Creole is not Cajun. Creole is more urban, Spanish, and West African. Cajun is more rural, poor, and white. Both have a strong French base, but many people believe the terms are interchangeable, and often label New Orleans as a Cajun city.
Cajuns do exist in New Orleans. However, New Orleans is Creole. Lafayette is Cajun. Baton Rouge is Cajun. New Orleans is not. In fact, it's hard to label New Orleans as anything but a city made up of countless ethnic groups that have all somehow retained their individual characteristics while avoiding homogenization. Yet at the same time, there has been somewhat of a homogenization, otherwise there would be no Creole.
But perhaps the most striking difference in New Orleans to me is its deeply rooted cultural base in one frame of thought/being/academia that consists of so many branches: Arts.
When most people hear arts, they think artists: Monet, Renoir, Picasso, Remington, Da Vinci, Van Gogh.
However, that's just a limb on The Great Tree of Arts. The first definition for "art" on dictionary.com is ...
"the quality, production, expression, or realm, according to aesthetic principles, of what is beautiful, appealing, or of more than ordinary significance."
Doesn't that sound awesome? And doesn't that sound like New Orleans?
I admit. I'm not a well-traveled person. But of the places I've been, no place comes close to representing the epitome of arts or the complexity in the capability of the human mind than New Orleans. Everything is an art form in New Orleans.
Masterpieces are seen throughout the realm of the human experience in New Orleans, from the grand scope of the local cuisine, to the European architecture, to the assortment of musical genres, to the people who make their livings on the street: Children tap-dancing, adolescents and adults playing trombones, trumpets, tubas, guitars, and harmonicas, the artists who hang their hand-crafted pieces along the wrought-iron fence of Jackson Square.

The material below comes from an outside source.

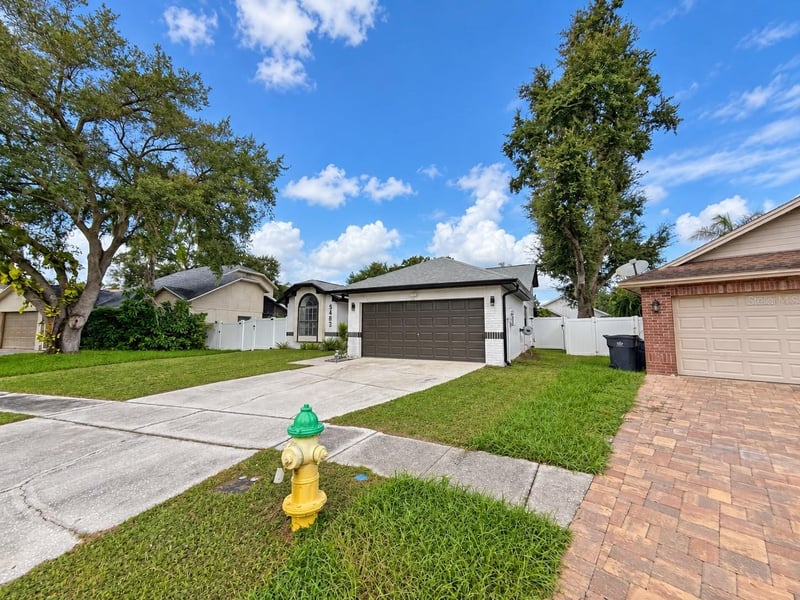 5483 Friarsway Dr, Tampa, FL 33624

It's all art. It takes a mind capable of understanding the abstract, how a mind can start with nothing and create it into something others enjoy.
When I was in college, I would have never said that what I do - sports writing - is an art.
It is.
Any kind of writing is an art, as long as the writer puts his or her time into it. That doesn't mean all writing is art, just like you can't throw water colors at a piece of paper, make something up explaining it, and call it art.
Photography is art. Sport is art. Public speaking is art. Poetry is art. Art is why the Greeks were so intellectually far beyond the Romans despite predating them by so long.
But if an individual is genuine and sincere about throwing paint onto paper, explaining what it means, and being proud of making nothing into something, it is indeed art.
And that's what's different about New Orleans. The people you encounter in the city - mind you, a city still recovering less than three years after the worst natural disaster in American history - are genuine and sincere. From the folks working in the restaurants, to the men hauling luggage up and down hotel elevators, to the musicians honing their crafts in French Quarter clubs and bars, they're genuinely and sincerely glad you're there with them experiencing the experience that is New Orleans. Sure, they may be extra nice because they want a tip or want you to spend more money during your visit, but that's the cost for arts. Not everybody is capable of comprehending the abstract, of making nothing into something, of taking a few raw materials and making them into a grand creation, or simply appreciating the aptitude it takes to do so. Therefore, yes, it should cost something to attain the arts, or try to even if you're not truly able to understand them from an internally intellectual standpoint.
I love statistics. I'm a sports freak, and I love number-crunching. If I see something on TV telling me Tim Duncan has more playoff double-doubles than any other player in the past decade, I'm happy because I know those figures are concrete and they're supposed to please me since I'm a Duncan fan.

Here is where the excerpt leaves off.